Pada tahun 1302 H, ditemani oleh al Habib Alwi bin Segaf Assegaf al
Habib Abu Bakar Assegaf pulang ketanah kelahirannya (Jawa) tepatnya di
kampung Besuki. Selanjutnya pada tahun 1305 H, ketika itu beliau berumur
20 tahun beliau pindah ke kota Gresik sambil terus menimba ilmu dan
meminta ijazah dari para ulama yang menjadi sinar penerang negeri
pertiwi Indonesia, sebut saja al Habib Abdullah bin Muhsin al-Atthas, al
Habib Abdullah bin Ali al-Haddad, al Habib Ahmad bin Abdullah
al-Atthas, al Habib Abu Bakar bin Umar bin Yahya, al Habib Muhammad bin
Idrus al-Habsyi,al Habib Muhammad bin Ahmad al-Muhdlar, dan lain
sebagainya.
Kemudian pada tahun 1321 H, tepatnya pada hari jum’at ketika sang
khatib berdiri diatas mimbar beliau r.a mendapat ilham dari Allah SWT
bergeming dalam hatinya untuk mengasingkan diri dari manusia semuanya.
Terbukalah hati beliau untuk melakukannya, seketika setelah bergeming
beliau keluar dari masjid jami’ menuju rumah kediamannya.
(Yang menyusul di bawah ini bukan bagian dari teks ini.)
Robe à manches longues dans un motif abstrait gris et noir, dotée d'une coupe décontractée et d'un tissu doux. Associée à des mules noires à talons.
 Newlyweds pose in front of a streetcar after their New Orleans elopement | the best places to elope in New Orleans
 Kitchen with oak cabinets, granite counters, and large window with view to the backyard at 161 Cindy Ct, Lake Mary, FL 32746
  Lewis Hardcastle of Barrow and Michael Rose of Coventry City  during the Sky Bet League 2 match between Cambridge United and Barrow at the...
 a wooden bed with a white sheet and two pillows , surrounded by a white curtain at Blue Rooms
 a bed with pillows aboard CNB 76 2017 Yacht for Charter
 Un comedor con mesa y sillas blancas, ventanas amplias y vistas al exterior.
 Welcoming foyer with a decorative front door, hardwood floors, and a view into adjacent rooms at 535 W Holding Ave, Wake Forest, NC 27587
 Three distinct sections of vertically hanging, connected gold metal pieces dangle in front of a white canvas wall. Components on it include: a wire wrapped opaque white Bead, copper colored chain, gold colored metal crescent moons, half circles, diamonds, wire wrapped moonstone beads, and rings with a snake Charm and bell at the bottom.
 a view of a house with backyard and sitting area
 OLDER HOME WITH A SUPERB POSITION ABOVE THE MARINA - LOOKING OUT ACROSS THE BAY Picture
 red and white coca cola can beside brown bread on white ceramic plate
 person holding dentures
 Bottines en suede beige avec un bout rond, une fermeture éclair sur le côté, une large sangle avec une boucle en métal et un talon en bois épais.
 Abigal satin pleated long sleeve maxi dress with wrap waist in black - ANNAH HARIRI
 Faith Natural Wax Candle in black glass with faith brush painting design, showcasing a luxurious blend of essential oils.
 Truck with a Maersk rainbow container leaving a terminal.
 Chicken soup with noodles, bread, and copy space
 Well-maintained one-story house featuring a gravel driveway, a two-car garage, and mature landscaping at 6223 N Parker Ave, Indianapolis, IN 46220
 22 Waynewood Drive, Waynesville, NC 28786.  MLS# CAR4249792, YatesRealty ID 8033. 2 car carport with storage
Beliau al
Habib Abu Bakar bin Muhammad Assegaf ber-uzlah atau khalwat
(mengasingkan diri) dari manusia selama lima belas tahun bersimpuh
dihadapan Ilahi Rabbi. Dan tatkala tiba saat Allah mengizinkan beliau
untuk keluar dari khalwatnya, guru beliau al Habib Muhammad bin Idrus
al-Habsyi mendatanginya dan memberi isyarat kepada beliau untuk
mengakhiri masa khalwatnya, al Habib Muhammad al-Habsyi berkata “selama
tiga hari kami bertawajjuh dan memohon kepada Allah agar Abu Bakar bin
Muhammad Assegaf keluar dari khalwatnya”, lantas beliau menggandeng al
Habib Abu Bakar Assegaf dan mengeluarkannya dari khalwatnya. Kemudian
masih ditemani al Habib Muhammad al-Habsyi beliau r.a menziarahi al
Habib Alawi bin Muhammad Hasyim, sehabis itu meluncur ke kota Surabaya
menuju ke kediaman al Habib Abdullah bin Umar Assegaf. Sambil menunjuk
kepada al Habib Abu Bakar bin Muhammad Assegaf al Habib Muhammad bin
Idrus al-Habsyi memproklamirkan kepada para hadirin “Ini al Habib Abu
Bakar bin Muhammad Assegaf termasuk murtiara berharga dari simpanan
keluarga Ba ‘Alawi, kami membukanya agar bisa menularkan manfaat bagi
seluruh manusia”.
Setelah itu beliau membuka majlis ta’lim dirumahnya, beliau menjadi
pengayom bagi mereka yang berziarah juga sebagai sentral (tempat
rujukan) bagi semua golongan diseluruh penjuru, siapa pun yang mempunyai
maksud kepada beliau dengan dasar husnudz dzan niscaya ia akan meraih
keinginannya dalam waktu yang relatif singkat. Di rumah beliau sendiri,
al Habib Abu Bakar bin Muhammad Assegaf telah menghatamkan kitab Ihya’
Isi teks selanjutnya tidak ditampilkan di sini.